L’intimismo e l’introspezione sono sempre state il marchio di fabbrica e la caratteristica principale della ormai quarantennale carriera del cantautore nato in Massachussetts ma cresciuto nella Carolina celebrata in una delle sue più celebri canzoni presentate stasera.
L’understatement del suo modo di cantare sin dal glorioso esordio per l’etichetta Apple dei Beatles nel lontano 68 ha fatto breccia nel cuore di generazioni di ascoltatori che hanno identificato nelle sue canzoni una raffinata alternativa alla canzone di protesta che da Woody Guthrie al già citato Springsteen, passando per Dylan e Baez, ha caratterizzato la musica cantautorale statunitense della seconda metà del novecento.

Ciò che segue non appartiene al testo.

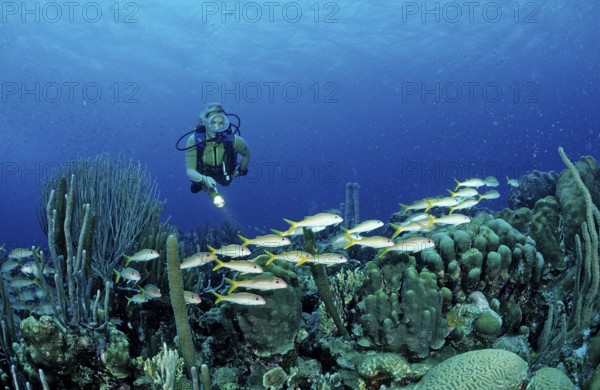 Diver and yellow mullet, Mulloidichthys martinicus, Netherlands Antilles, Bonaire, Caribbean,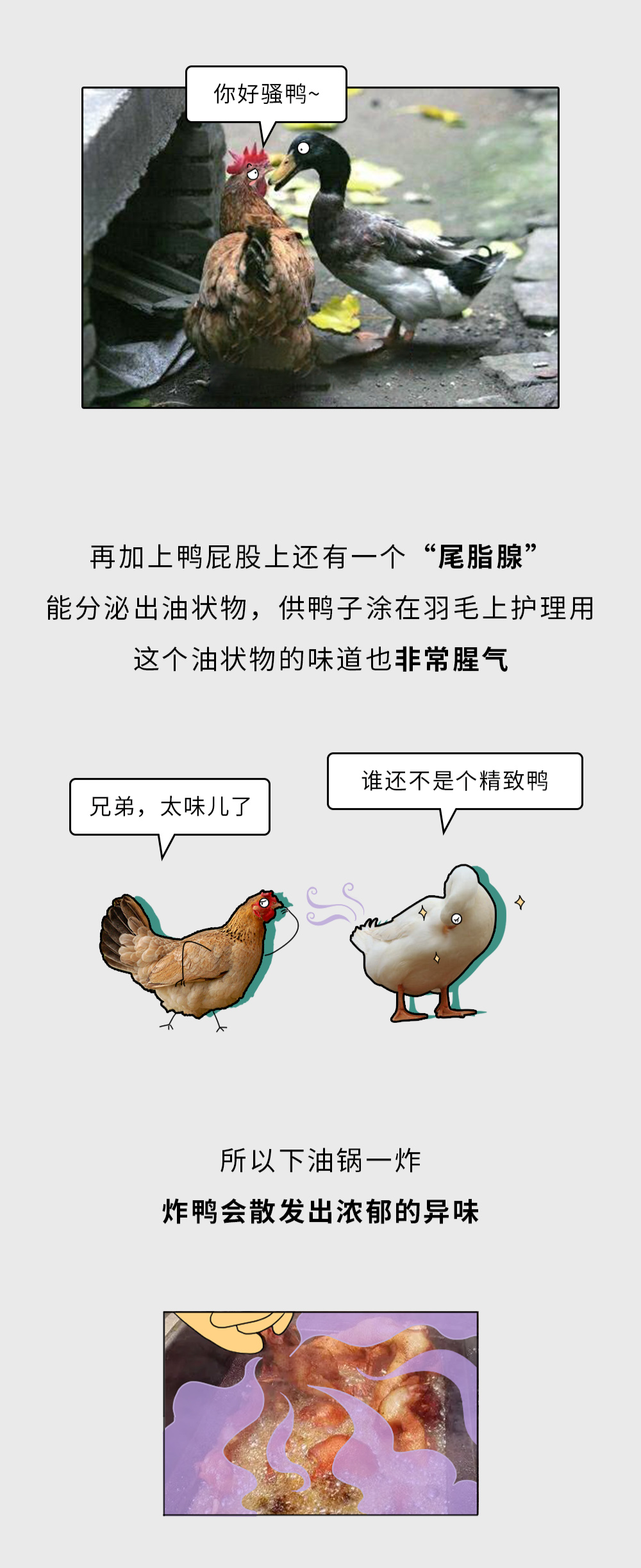 为什么有炸鸡没有炸鸭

Non si pensi a canzoni banali o smielate, però: ci troviamo di fronte ad un abile orafo che continua a confezionare le sue gemme con la perizia di un artigiano dalla classe infinita e che in tempi recenti ha voluto misurarsi come interprete con alcuni classici del repertorio della sua giovinezza, pubblicando nel 2008 un album di cover che hanno in parte arricchito la scaletta di questa sera.

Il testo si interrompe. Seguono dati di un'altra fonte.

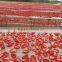 Good Quality China Dried Tomatoes Products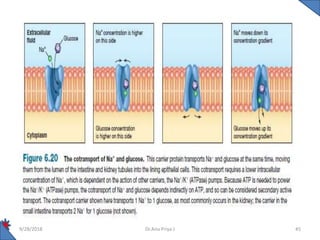 Transport across cell membrane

Brani di Buddy Holly, dei Temptations hanno quindi fatto compagnia al Marvin Gaye di ‘How sweet it is’ che da sempre fa parte dei classici proposti da Taylor.
Apparso dimagrito ma in ottima forma, James scherza col pubblico, anticipa parte della scaletta mostrando ai presenti una grande tavoletta a mo’ di lavagna, ed è accompagnato da un’eccellente band capeggiata dal grande, unico ed inimitabile Steve Gadd, vera colonna portante della buona musica Made in Usa grazie alle innumerevoli collaborazioni tra cui ricordiamo quelle con Paul Simon e Steely Dan.
Ovviamente la parte del leone l’hanno fatta comunque gli innumerevoli successi del suo repertorio, eseguiti in maniera impeccabile e partecipata, con una menzione speciale per Country Road, un’effervescente Mexico ed una sempre suggestiva Shed a little light, dedicata a Martin Luther King, a dimostrazione che pop ballads ed impegno possono coesistere, e con la quale si è chiusa la prima parte dello spettacolo.
Il solo neo della serata è proprio rappresentato da questa pausa di circa venti minuti, che ha spezzato l’incantesimo e la magia create dalla sua musica, anche se alla ripresa dello show non è stato un grosso problema riannodare il filo del discorso, grazie alla serie di grandi brani proposti ad inizio seconda parte: Walkin’ Man, Sweet Baby James, scritta per il suo omonimo nipotino e, soprattutto, Fire and Rain.
Non potevano mancare You’ve got a friend, composta dalla sua ex Carole King e diventata subito un evergreen, una Shower the people da brividi ed un’irresistibile Your Smiling Face con cui ha chiuso la serata prima dei bis, ridotti a due soli brani rispetto ai quattro previsti dalla scaletta qui di seguito indicata: evidente i sessantun anni di James cominciano a farsi sentire…
Resta comunque la magia della sua musica, della sua voce e della sua simpatia e la sensazione che, in fondo, il Boss e James Taylor rappresentino le due facce della stessa medaglia, quella della musica d’autore, genuina e sincera, che non morirà mai.